▸ Task:
Make an exact copy of the records below, leaving every image out.
[Start of section]
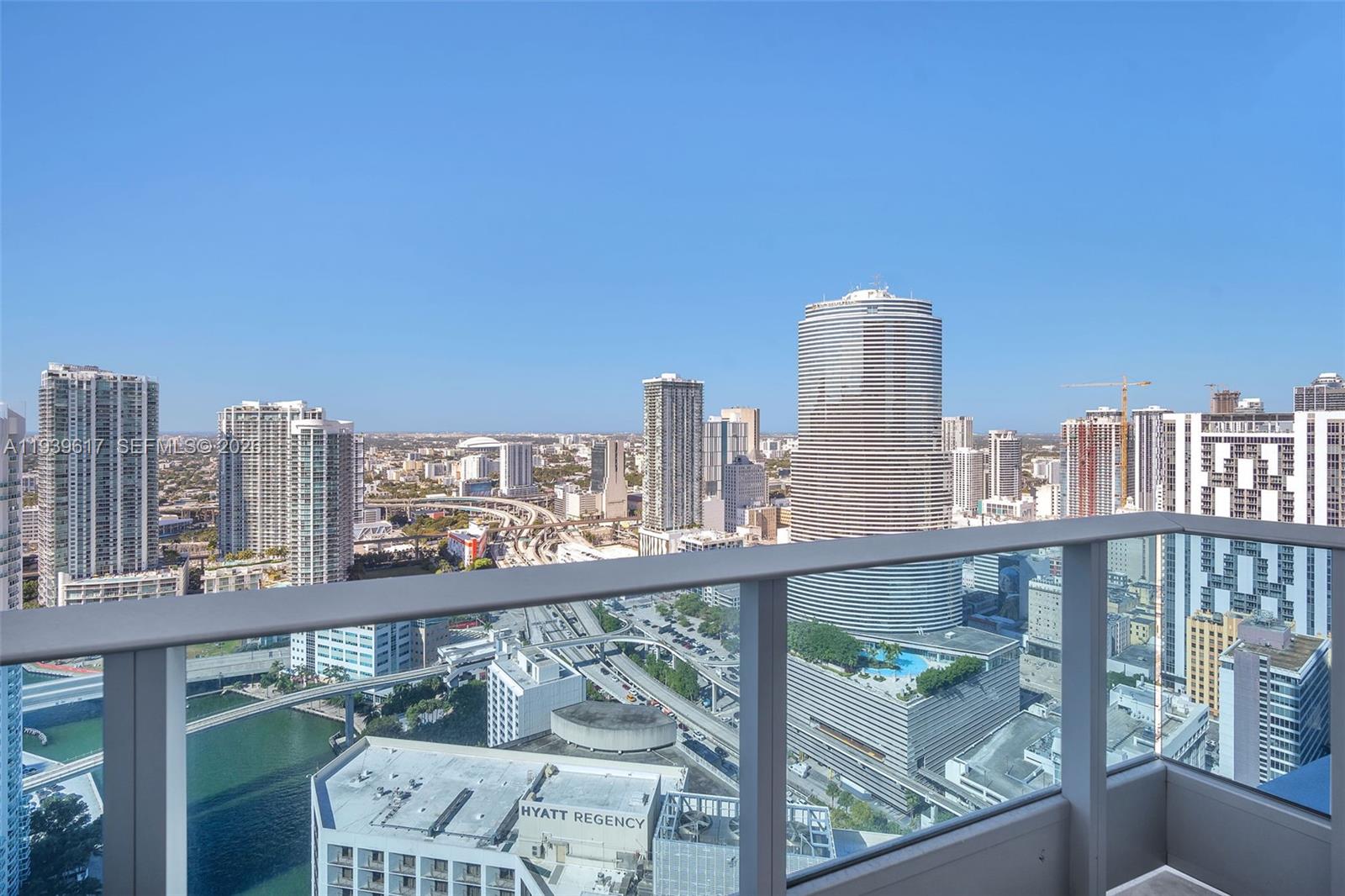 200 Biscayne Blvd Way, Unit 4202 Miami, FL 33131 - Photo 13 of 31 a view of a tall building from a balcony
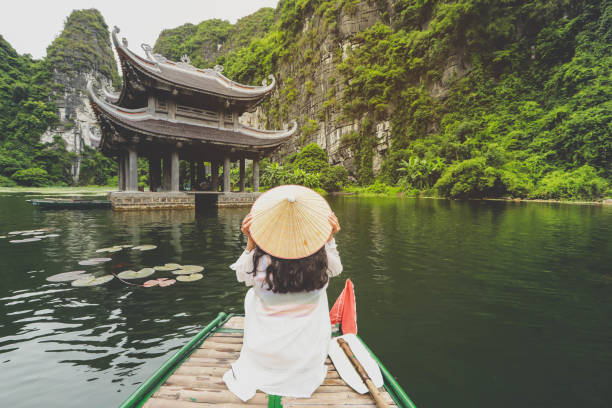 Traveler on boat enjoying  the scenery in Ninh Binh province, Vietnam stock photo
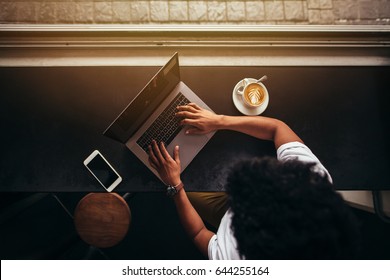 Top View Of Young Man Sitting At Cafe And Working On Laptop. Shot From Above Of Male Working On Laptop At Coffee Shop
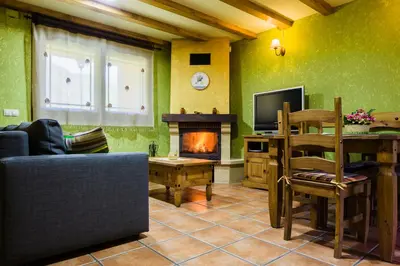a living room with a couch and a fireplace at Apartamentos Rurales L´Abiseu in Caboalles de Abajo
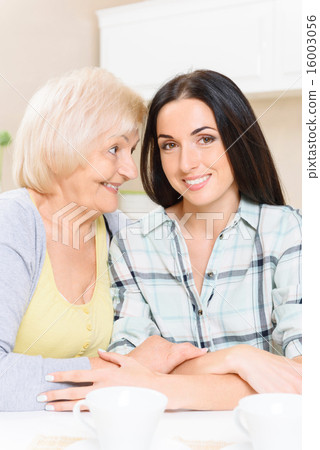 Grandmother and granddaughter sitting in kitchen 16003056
[End of section]
▸ Answer area:
 200 Biscayne Blvd Way, Unit 4202 Miami, FL 33131 - Photo 13 of 31 a view of a tall building from a balcony
 Traveler on boat enjoying  the scenery in Ninh Binh province, Vietnam stock photo
 Top View Of Young Man Sitting At Cafe And Working On Laptop. Shot From Above Of Male Working On Laptop At Coffee Shop
a living room with a couch and a fireplace at Apartamentos Rurales L´Abiseu in Caboalles de Abajo
 Grandmother and granddaughter sitting in kitchen 16003056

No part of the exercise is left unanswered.